Think about it. Jessica is established in pop culture as a woman whose reputation precedes her, but what has she ever done to warrant that reputation? In the course of the movie, the only morally questionable thing she does is pose for patty cake pictures, and we soon learn that she was blackmailed into that. She truly loves her husband, and remains fiercely loyal to him (she does hit him on the head with a frying pan at one point, but it’s for his protection).
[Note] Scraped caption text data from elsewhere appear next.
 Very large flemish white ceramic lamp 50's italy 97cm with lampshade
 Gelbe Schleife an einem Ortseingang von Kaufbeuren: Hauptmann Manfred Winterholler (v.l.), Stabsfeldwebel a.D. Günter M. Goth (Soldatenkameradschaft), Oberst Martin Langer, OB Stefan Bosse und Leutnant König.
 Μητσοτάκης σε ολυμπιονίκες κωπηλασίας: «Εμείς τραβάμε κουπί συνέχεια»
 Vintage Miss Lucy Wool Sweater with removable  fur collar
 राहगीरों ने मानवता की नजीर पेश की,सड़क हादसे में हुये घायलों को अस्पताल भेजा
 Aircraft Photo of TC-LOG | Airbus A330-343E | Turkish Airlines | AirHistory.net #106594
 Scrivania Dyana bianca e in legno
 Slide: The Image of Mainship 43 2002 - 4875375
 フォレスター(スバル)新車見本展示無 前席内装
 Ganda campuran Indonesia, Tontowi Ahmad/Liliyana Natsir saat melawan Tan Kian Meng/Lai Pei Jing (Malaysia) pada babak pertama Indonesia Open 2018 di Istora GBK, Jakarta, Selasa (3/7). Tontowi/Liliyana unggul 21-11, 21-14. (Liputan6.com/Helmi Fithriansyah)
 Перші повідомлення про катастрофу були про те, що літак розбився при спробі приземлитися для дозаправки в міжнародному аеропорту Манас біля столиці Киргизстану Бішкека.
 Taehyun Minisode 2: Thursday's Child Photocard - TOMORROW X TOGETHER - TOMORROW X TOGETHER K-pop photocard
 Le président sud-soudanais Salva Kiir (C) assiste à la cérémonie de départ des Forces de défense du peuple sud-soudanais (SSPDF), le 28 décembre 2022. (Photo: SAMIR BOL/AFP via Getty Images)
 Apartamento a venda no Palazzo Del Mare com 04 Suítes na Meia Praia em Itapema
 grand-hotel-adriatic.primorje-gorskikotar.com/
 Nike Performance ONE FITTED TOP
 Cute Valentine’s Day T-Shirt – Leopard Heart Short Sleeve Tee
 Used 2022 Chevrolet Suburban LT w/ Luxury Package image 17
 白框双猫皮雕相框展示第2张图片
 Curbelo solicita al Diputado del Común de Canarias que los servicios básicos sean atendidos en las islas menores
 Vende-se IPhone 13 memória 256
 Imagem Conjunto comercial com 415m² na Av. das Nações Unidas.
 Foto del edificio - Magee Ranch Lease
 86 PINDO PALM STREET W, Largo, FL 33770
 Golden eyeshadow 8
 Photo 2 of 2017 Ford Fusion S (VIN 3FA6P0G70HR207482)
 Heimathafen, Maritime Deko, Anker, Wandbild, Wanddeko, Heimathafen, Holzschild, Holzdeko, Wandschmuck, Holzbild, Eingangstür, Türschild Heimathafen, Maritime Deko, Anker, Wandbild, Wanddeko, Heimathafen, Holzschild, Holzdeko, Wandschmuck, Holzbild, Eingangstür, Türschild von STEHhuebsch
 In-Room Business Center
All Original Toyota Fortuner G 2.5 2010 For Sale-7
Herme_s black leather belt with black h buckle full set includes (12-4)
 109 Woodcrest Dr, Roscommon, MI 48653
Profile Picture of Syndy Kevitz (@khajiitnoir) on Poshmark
Jessica’s signature line is “I’m not bad, I’m just drawn that way.” It’s my opinion that the line is less of a joke than an honest statement. Her sad tone of voice makes it clear that she’s resigned herself to the hard truth that female sexuality is seen as mainstream society as “bad.” What she’s referring to, specifically, is Eddie Valiant’s assumption that she must be a slut. From the moment Eddie lays eyes on her, he assumes that she’s guilty of adultery, that a woman like her couldn’t possibly be satisfied by Roger Rabbit. He figures the marriage must be a joke to her, like it is to everyone else. But Eddie is wrong. As soon as they meet face to face, Jessica makes it clear that she loves her husband. It was out of concern for his career that she allowed herself to be blackmailed, and now that Roger’s being accused of murder, she’ll do anything to clear his name.

Ultimately, Jessica Rabbit is just one more woman being pigeonholed and stereotyped due to her appearance. Her problem is exacerbated by the fact that she is the product of someone’s drawing, giving her even less control over her appearance than the average woman. Given the fact that she wears the rather impractical evening gown throughout the entire film, I have to wonder if she’s even able to change clothes. If nothing else, it can’t be easy to find toon clothing to fit her measurements.

The husband and wife pair share little screen time, bringing dramatic effect to the final scenes, where Jessica showers her husband with kisses and compliments. They walk into the sunset together, and Jessica promises to bake Roger a carrot cake when they get home, fully rounding out her role as the perfect wife. Hope is restored among all the men in the audience, that one day the perfect woman will love them because they make her laugh.

Oddly, Kathleen Turner was uncredited for her role as the voice of Jessica Rabbit. The credits name the voice of each character who made a cameo appearance, each of the weasel henchmen, and each human bit part, but no credit appears for Jessica. Somehow, this oddity adds to her overall effect: perhaps Jessica Rabbit was never a cartoon character in a movie at all, but a force of nature, finding her own way onto the screen by sheer willpower. A woman will, after all, go to great lengths for the man she loves.